‘I’ll be their ride or die’: State Sen. Jessica Scarcella-Spanton pledges her support to the LGBTQ+ community
STATEN ISLAND, N.Y. -- State Sen. Jessica Scarcella-Spanton has an unofficial mantra: show, don’t tell. And when an issue that affects those close to her arises in her home borough, the born-and-raised Staten Islander won’t hesitate to step in and lend some very public support.
Case in point: The freshman senator’s fight against the continued intentional exclusion of the LGBTQ+ community in the Staten Island St. Patrick’s Parade that has been ongoing for at least a decade.
Earlier this year, Scarcella-Spanton was present when the Pride Center of Staten Island and the Gay Officers Action League (G.O.A.L.) were violently turned away by the Richmond County St. Patrick’s Parade Committee at Blessed Sacrament R.C. Church in West Brighton while attempting to hand in their applications to march in Staten Island’s largest community event. While the applications were collected on parish property, Blessed Sacrament has no affiliation to the Parade Committee or its decisions.
She called out the discrimination during a pre-parade press conference, joined in on the unofficially named pro-LGBTQ+ “Rainbow Run” down Forest Avenue, and was the only public official to take part in a peaceful protest that stretched a long pride banner across the parade route ahead of the parade step-off. She also attended the Pride Center’s Crawl for All, held two weeks after the parade to drum up support for local businesses, where she reaffirmed her commitment to the LGBTQ+ community and its battle for inclusion.

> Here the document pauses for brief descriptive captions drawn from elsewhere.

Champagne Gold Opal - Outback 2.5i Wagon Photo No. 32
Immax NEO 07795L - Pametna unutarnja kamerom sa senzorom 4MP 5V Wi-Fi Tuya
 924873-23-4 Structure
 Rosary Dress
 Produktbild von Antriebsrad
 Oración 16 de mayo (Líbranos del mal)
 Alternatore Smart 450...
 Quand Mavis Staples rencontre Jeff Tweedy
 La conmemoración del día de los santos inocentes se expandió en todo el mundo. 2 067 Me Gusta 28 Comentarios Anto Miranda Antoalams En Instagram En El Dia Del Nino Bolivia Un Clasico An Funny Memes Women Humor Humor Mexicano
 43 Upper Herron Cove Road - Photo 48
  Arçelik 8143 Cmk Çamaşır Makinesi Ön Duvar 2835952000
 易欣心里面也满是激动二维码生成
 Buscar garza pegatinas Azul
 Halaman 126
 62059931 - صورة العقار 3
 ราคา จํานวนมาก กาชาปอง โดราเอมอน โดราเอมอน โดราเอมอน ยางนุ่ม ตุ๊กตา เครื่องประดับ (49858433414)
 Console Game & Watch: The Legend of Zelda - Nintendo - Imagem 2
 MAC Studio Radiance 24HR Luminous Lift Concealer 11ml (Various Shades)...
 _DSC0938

“The Pride Center is a community organization that greatly benefits the LGBTQ+ community here on Staten Island, and they should be able to take part in any festivity they want to take part in,” Scarcella-Spanton told the Advance/SILive.com during a recent interview. “[The exclusion] is something that’s so hateful. It doesn’t represent the Staten Island community as a whole.